L'histoire de la règle majoritaire – c’est-à-dire l’idée que la volonté du plus grand nombre peut être considérée comme la volonté de tous et qu’elle s’impose en cela à la minorité - remonte au Moyen Age et à l’élection des souverains pontifes. Explications avec l'historien Olivier Christin.
- Olivier Christin Historien moderniste, directeur d’études à l’École pratique des hautes études
Il y a quelques mois, le Royaume Uni votait la sortie de l’Union européenne, à la faveur du vote massif des plus de 65 ans, qui engageaient par là leur pays dans un changement radical dont ils subiront a priori moins longtemps les conséquences que les jeunes électeurs, qui eux ont fait massivement le choix opposé.
Il y a quelques mois, un ancien président de la République dénonçait la « tyrannie des minorités » qui lui paraissait s’instaurer en France.
Il y a quelques semaines, le nouveau président des Etats-Unis lançait une nouvelle salve critique contre les faux sondages et la presse, qui auraient menti délibérément selon lui en rappelant que son adversaire dans la présidentielle, Hillary Clinton, avait obtenu près de trois millions de voix de plus que lui.
A première vue, rien ne relie ces prises de positions véhémentes et ces décisions brutales.

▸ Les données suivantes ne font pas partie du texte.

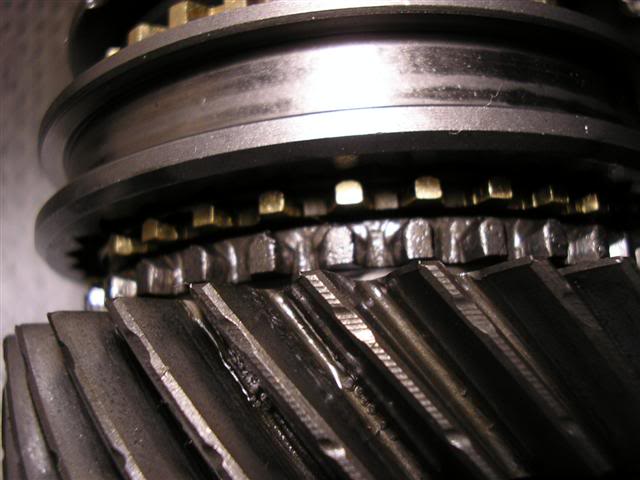 Name: P1010024Small.jpg
Views: 61
Size: 39.2 KB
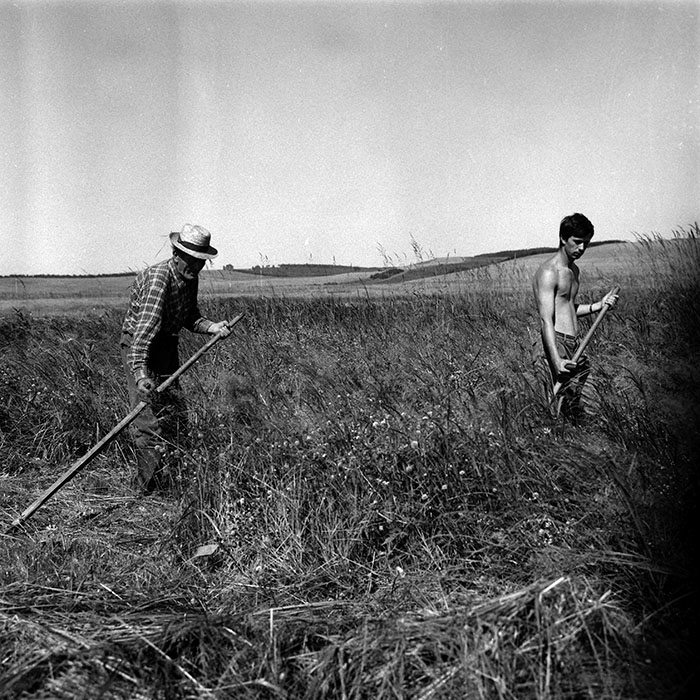 minerva_Agrar_c1_c6r2_001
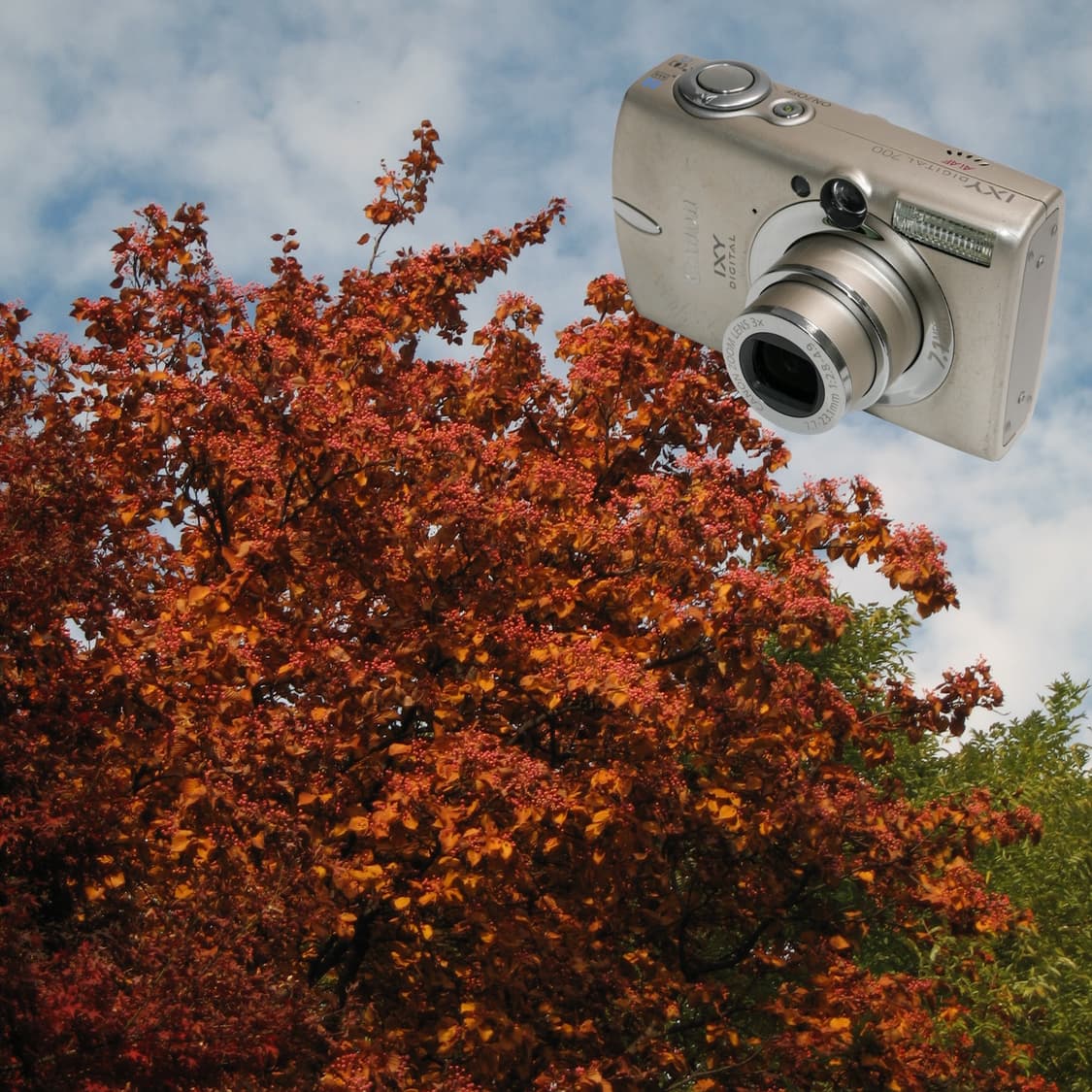 IXY Digital 700 / IXUS 750 (✨A급/🎁풀패키지) 상품이미지6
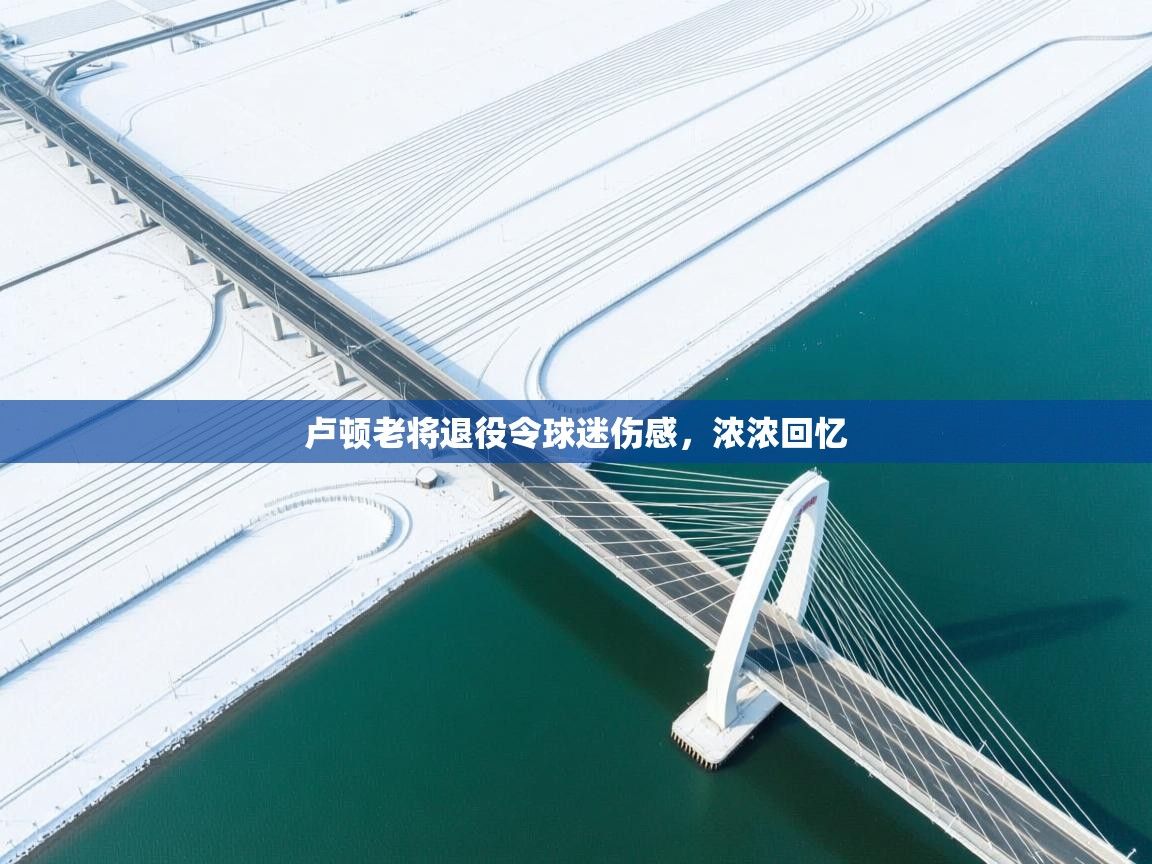 kaiyun开运·体育官方网站-卢顿老将退役令球迷伤感，浓浓回忆  第1张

Mais elles ont bien en commun de poser la question d’une érosion rapide de la légitimité du principe majoritaire, que l’on peut observer dans les pays occidentaux depuis une vingtaine d’années et avec une acuité toujours plus grande.
La règle majoritaire –c’est-à-dire l’idée que la volonté du plus grand nombre peut être considérée comme étant l’expression de la volonté collective, et en fait comme la volonté de tous, et qu’elle s’impose en cela à la minorité- a une longue histoire, qui remonte au Moyen Age et à l’élection des souverains pontifes. Elle a été au cœur de la modernisation de la politique et de la naissance de nouvelles institutions, comme les Communes ou les Universités. Mais ce n’est au fond qu’à la fin du XIXe siècle qu’elle triomphe partout et avec elle une série de principes dont nous sommes aujourd’hui encore les héritiers : un homme égale une voix ; toutes les voix se valent, celles des puissants comme des anonymes ; on peut donc les additionner et de cette addition résultent clairement une majorité et une minorité. Ces principes ont depuis un siècle semblé constituer l’un des fondements solides et incontestables des démocraties modernes et nombre d’hommes politiques ou de savants les ont célébrés comme tels.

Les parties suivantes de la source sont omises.